Die Verabschiedung dieser Resolution hat eine besondere Bedeutung im Jahr des 70. Jahrestags der Beendigung der Arbeit des Internationalen Militärtribunals gegen die Nazi-Hauptverbrecher und ihrer Verurteilung, was eine äußerst wichtige Rolle für die progressive Entwicklung des modernen Völkerrechts spielte und die endgültige Zerstörung des Faschismus juristisch festigte.

So werden in dem Dokument Fakten der Glorifizierung der nazistischen Bewegung und der ehemaligen Mitglieder von Waffen-SS in einigen Ländern verurteilt, darunter durch die Einweihung von Denkmälern und Gedenkstätten sowie durch die Organisation von entsprechenden öffentlichen Veranstaltungen. Es wird darin auf die Unzulässigkeit verwiesen, dass Personen zu nationalen Helden und Helden von nationalen Befreiungsbewegungen ausgerufen werden, die gegen die Anti-Hitler-Koalition kämpften oder Nazi-Mithelfer waren. Angesichts des von einigen Staaten entfesselten „Kriegs“ gegen Gedenkstätten sowjetischer Befreiungs-Soldaten haben die Bestimmungen des Dokuments einen besonderen Stellenwert, die die permanenten Versuche zur Schändung bzw. Zerstörung von Denkmälern verurteilen, die zu Ehren der Soldaten aufgestellt wurden, die während des Zweiten Weltkriegs gegen den Nazismus kämpften.
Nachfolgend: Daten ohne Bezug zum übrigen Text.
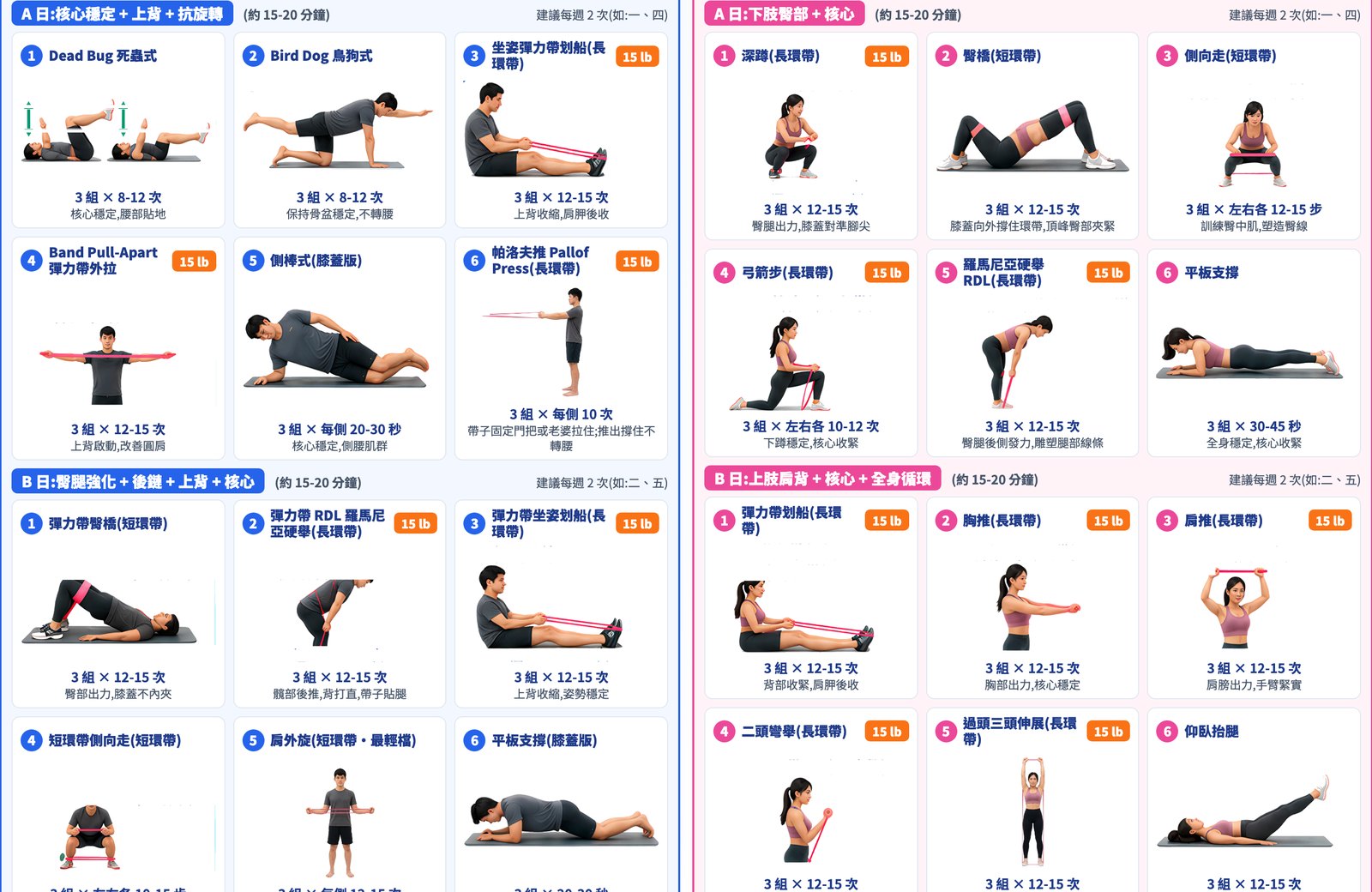 Training poster, two plans, 24 exercises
Es wurde auch die Besorgnis darüber geäußert, dass Vertreter von extremistischen bzw. rassistischen Parteien immer mehr Sitze in nationalen bzw. regionalen Parlamenten bekommen und dass Rassismus während verschiedener Sportveranstaltungen immer öfter zum Ausdruck gebracht wird.

Die intensive Unterstützung dieser Initiative durch Delegationen von Staaten aus allen Regionen der Welt und die immer größere Zahl ihrer Koautoren zeugen sehr deutlich davon, dass die Einwohner dieser Länder die tragischen Ereignisse während dieses Kriegs, das Unheil, das der Nazismus der Menschheit brachte, nicht vergessen. Doch diese Einstellung wird leider nicht von allen geteilt. Gegen dieses Dokument sind die USA und die Ukraine aufgetreten, während die Delegationen der EU-Mitgliedsstaaten und einige andere Delegationen sich bei der Abstimmung wieder der Stimme entzogen haben.

Wir hoffen, dass die Verabschiedung dieses Dokuments ein klares Signal den Ländern senden wird, wo entschlossene Maßnahmen zur Vorbeugung der immer häufigeren Versuche zur Fälschung der Geschichte, zur Heroisierung des Nazismus und zur Glorifizierung der Nazis und ihrer Mithelfer dringend nötig sind.